***** Records for the task *****
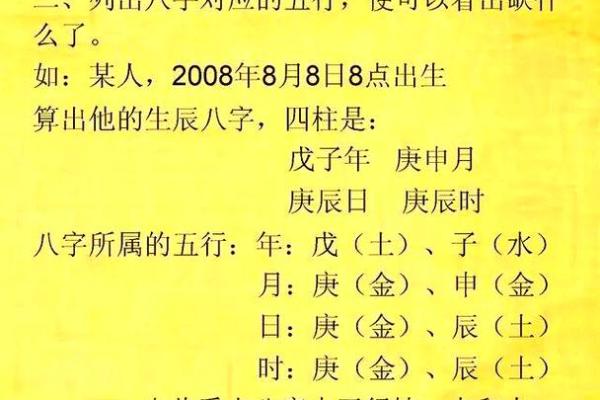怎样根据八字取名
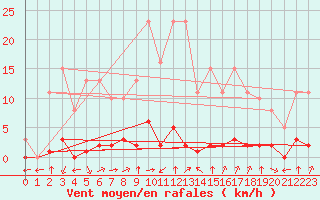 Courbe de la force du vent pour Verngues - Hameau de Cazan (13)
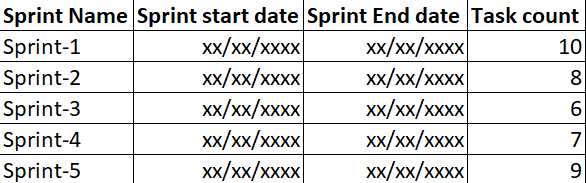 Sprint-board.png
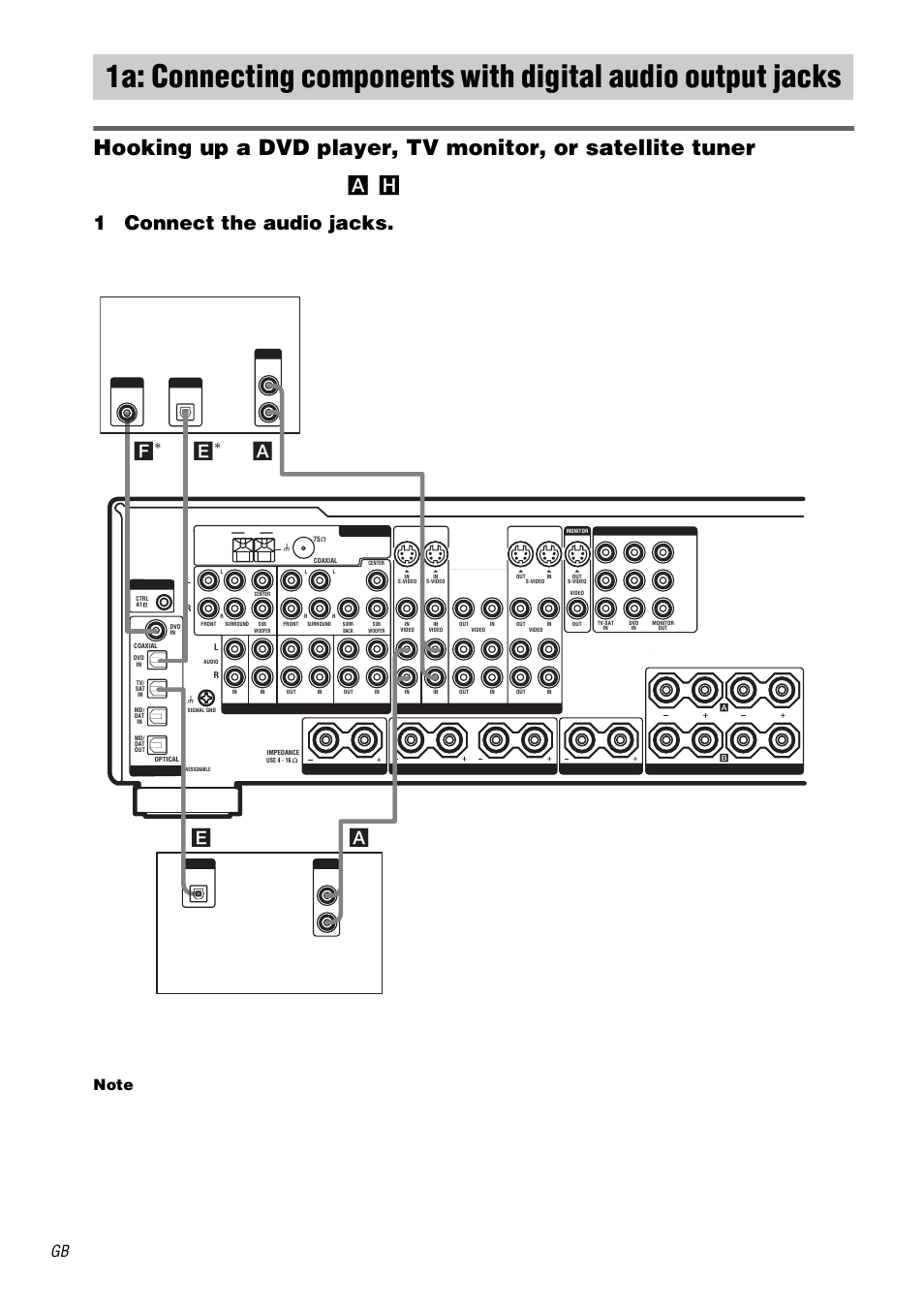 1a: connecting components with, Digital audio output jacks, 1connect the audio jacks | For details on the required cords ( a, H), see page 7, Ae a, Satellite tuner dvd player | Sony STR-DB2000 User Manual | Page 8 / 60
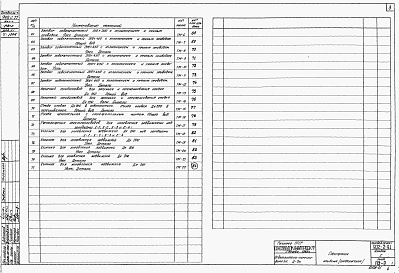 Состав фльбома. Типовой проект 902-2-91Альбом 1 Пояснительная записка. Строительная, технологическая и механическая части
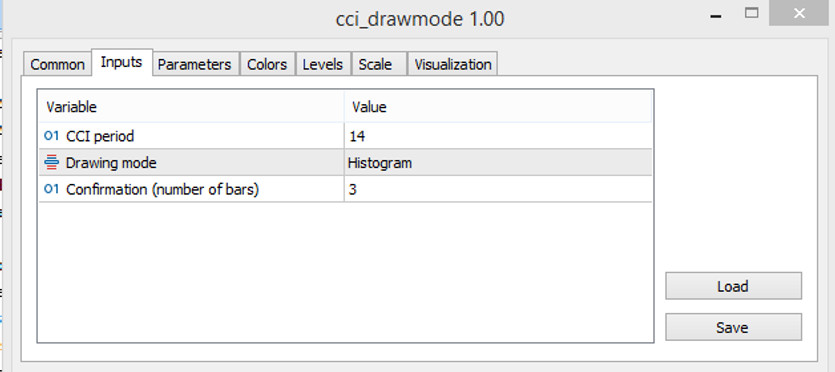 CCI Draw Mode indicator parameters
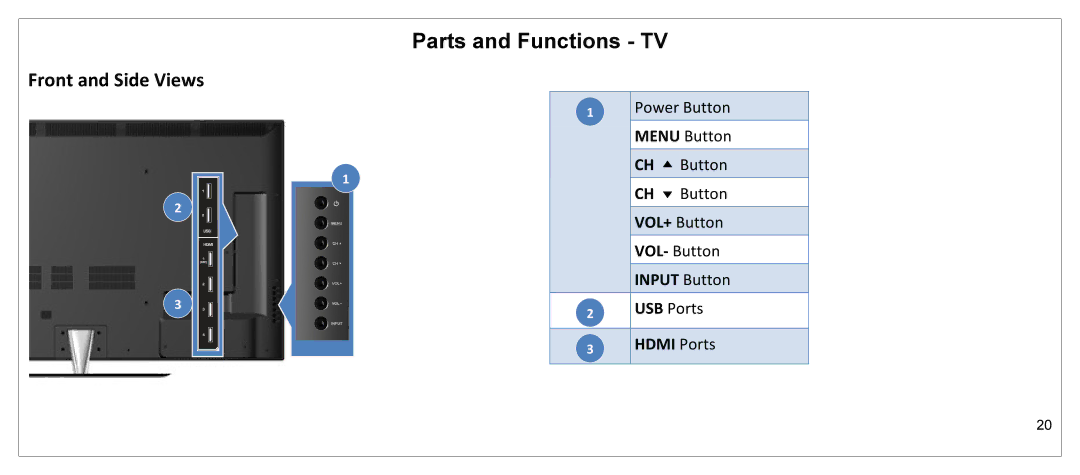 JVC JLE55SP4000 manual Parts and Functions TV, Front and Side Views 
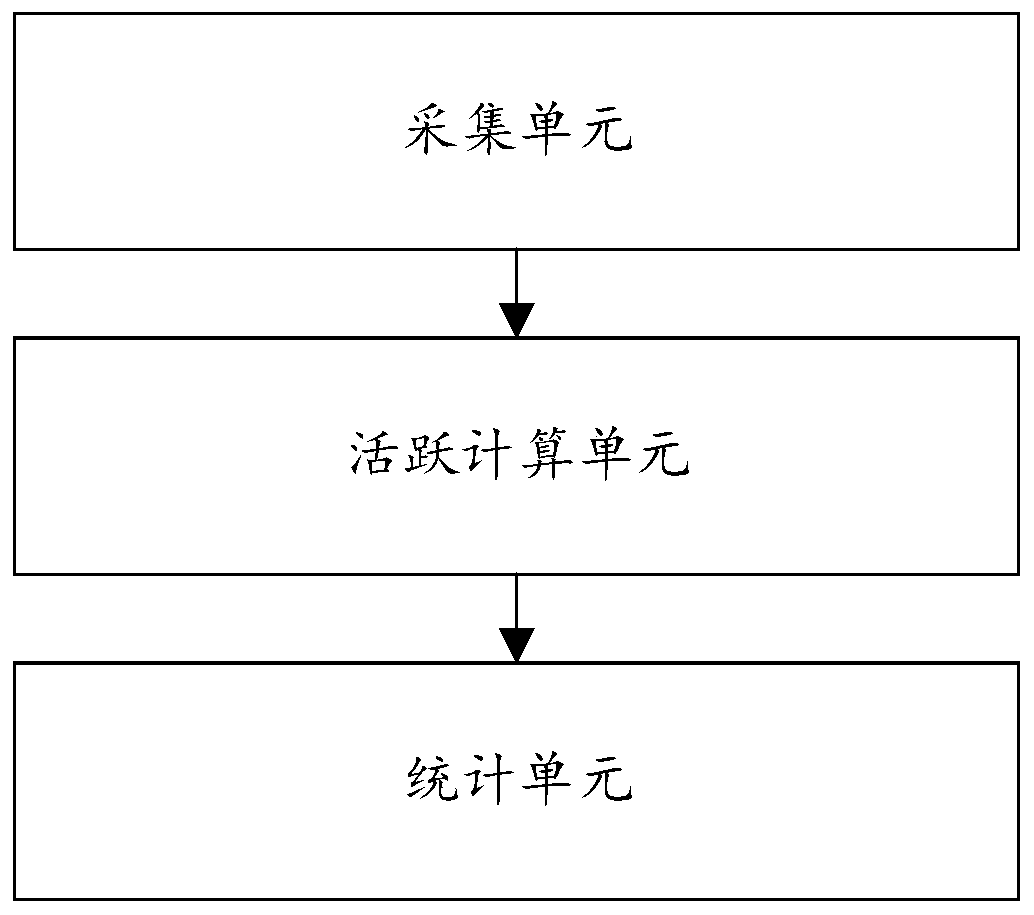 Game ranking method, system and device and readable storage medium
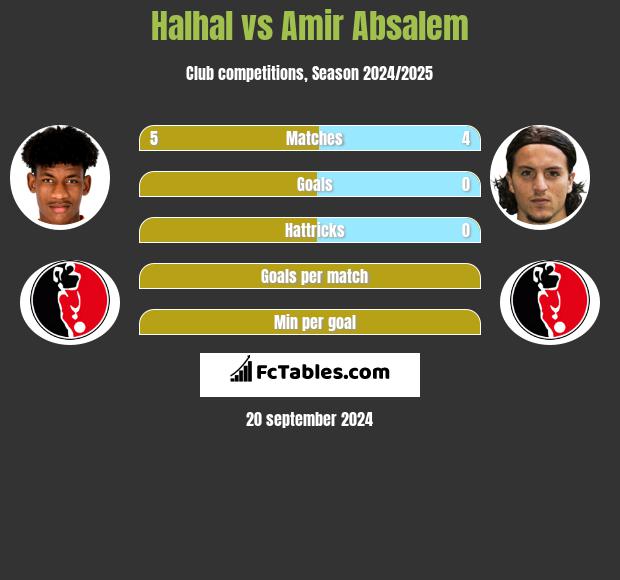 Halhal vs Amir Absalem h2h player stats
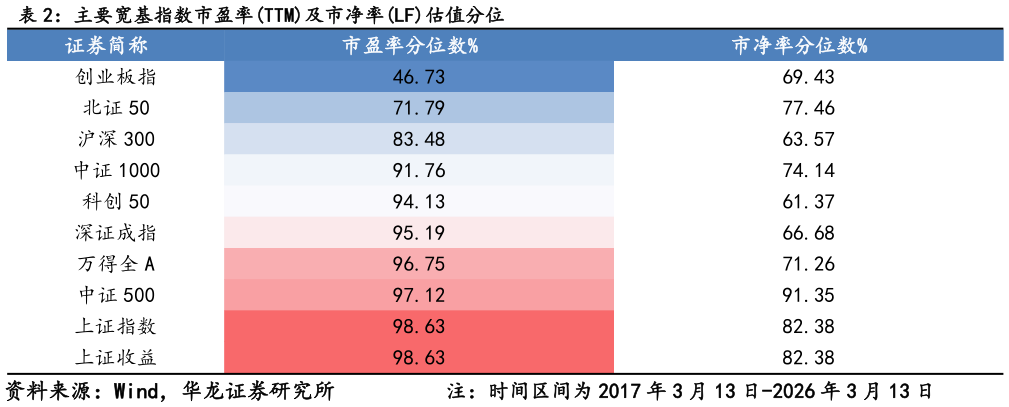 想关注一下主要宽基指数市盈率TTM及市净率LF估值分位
*****
Requirement → Write out each record exactly as shown, but not its pictures.

Answer below →
怎样根据八字取名
 Courbe de la force du vent pour Verngues - Hameau de Cazan (13)
 Sprint-board.png
 1a: connecting components with, Digital audio output jacks, 1connect the audio jacks | For details on the required cords ( a, H), see page 7, Ae a, Satellite tuner dvd player | Sony STR-DB2000 User Manual | Page 8 / 60
 Состав фльбома. Типовой проект 902-2-91Альбом 1 Пояснительная записка. Строительная, технологическая и механическая части
 CCI Draw Mode indicator parameters
 JVC JLE55SP4000 manual Parts and Functions TV, Front and Side Views 
 Game ranking method, system and device and readable storage medium
 Halhal vs Amir Absalem h2h player stats
 想关注一下主要宽基指数市盈率TTM及市净率LF估值分位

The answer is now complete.